FUCK FREDDIE
Fuck him now, fuck him plenty, fuck him royally, just fuck him. Long, slow, and hard.
Or, to paraphrase the cunt-breathing dragon:
Clearly, the only option is to instruct the bastard to fuck Freddie. Fuck Freddie totally.
Do not pass go, do not collect $200- just fuck Freddie.
And more than once.
That's right, fuck Freddie and make sure it's more than once, you slimy bastard.
Or, if so inclined, run outside and play the ever popular Hide and Go Fuck Freddie™.
Fuck Freddie on a train, on a plane, in a box, with a fox...
No matter what the method, the important thing is that you don't forget to fuck Freddie.
Fuck Freddie and eat beans, for all I care.
Fuck Freddie at your grandfather's house. Be sure not to fuck your grandfather... This is a common mistake. It is imperative that you fuck Freddie.
Fuck Freddie and send us the pictures, so that we can verify that you have, indeed, completed your mission. WE WILL BE KEEPING TABS ON YOUR "FUCKED FREDDIE" STATUS.

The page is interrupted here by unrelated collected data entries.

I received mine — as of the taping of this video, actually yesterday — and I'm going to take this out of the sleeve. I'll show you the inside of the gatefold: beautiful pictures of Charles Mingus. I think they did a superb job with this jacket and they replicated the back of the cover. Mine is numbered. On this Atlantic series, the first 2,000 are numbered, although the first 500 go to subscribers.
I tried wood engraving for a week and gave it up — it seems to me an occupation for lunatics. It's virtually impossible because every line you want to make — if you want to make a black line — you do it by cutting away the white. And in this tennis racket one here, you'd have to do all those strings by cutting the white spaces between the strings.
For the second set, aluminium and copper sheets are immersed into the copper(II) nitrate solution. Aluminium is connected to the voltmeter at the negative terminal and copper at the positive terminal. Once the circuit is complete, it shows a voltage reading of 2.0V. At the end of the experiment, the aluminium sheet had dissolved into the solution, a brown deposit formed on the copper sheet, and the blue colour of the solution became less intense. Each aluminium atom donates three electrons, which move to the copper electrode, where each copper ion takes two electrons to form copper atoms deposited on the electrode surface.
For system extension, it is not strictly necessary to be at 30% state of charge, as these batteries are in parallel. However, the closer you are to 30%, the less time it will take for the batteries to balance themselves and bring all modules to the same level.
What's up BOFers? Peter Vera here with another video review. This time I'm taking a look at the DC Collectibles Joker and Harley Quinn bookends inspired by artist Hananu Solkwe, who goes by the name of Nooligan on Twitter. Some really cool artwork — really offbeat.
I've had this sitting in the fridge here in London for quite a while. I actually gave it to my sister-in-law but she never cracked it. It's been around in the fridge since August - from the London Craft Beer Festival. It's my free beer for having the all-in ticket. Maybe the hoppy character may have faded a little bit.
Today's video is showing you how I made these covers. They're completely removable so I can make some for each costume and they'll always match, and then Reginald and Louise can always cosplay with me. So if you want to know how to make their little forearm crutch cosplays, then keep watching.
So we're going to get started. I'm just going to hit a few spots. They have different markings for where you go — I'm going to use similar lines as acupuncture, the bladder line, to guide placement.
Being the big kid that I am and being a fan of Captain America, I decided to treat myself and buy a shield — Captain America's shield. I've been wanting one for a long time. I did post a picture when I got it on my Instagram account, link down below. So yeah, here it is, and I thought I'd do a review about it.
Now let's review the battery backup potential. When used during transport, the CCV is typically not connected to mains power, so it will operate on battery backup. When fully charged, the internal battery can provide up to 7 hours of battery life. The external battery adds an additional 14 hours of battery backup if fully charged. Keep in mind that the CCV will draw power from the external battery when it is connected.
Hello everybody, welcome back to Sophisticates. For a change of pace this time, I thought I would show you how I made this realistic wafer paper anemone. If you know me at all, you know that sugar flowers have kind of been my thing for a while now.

In that vein, allow me to mention the importance of the ensuing paperwork. You can write this off on your taxes if need be. Certain restrictions apply, but not the kinds of restrictions that get you out of fucking Freddie.
This is a tradition that is becoming something of a lost art, you see. We need as many young, fresh souls to speak the dead language (if you will,) of fucking Freddie as humanly possible. So, if you don't fuck Freddie, you will be just like the generations past that have made fucking Freddie an endangered species. Just like the pandas. You heartless, pandacidal bastard.
Do not confuse this order with Canada's declared Masturbation Month². This is something special, just for Freddie.
It is YOU that must fuck FREDDIE, you Capitalistic fucktard. How dare you come onto OUR site and try to make money?Stop sucking off soldiers in Guantanamo bay, and GO FUCK FREDDIE.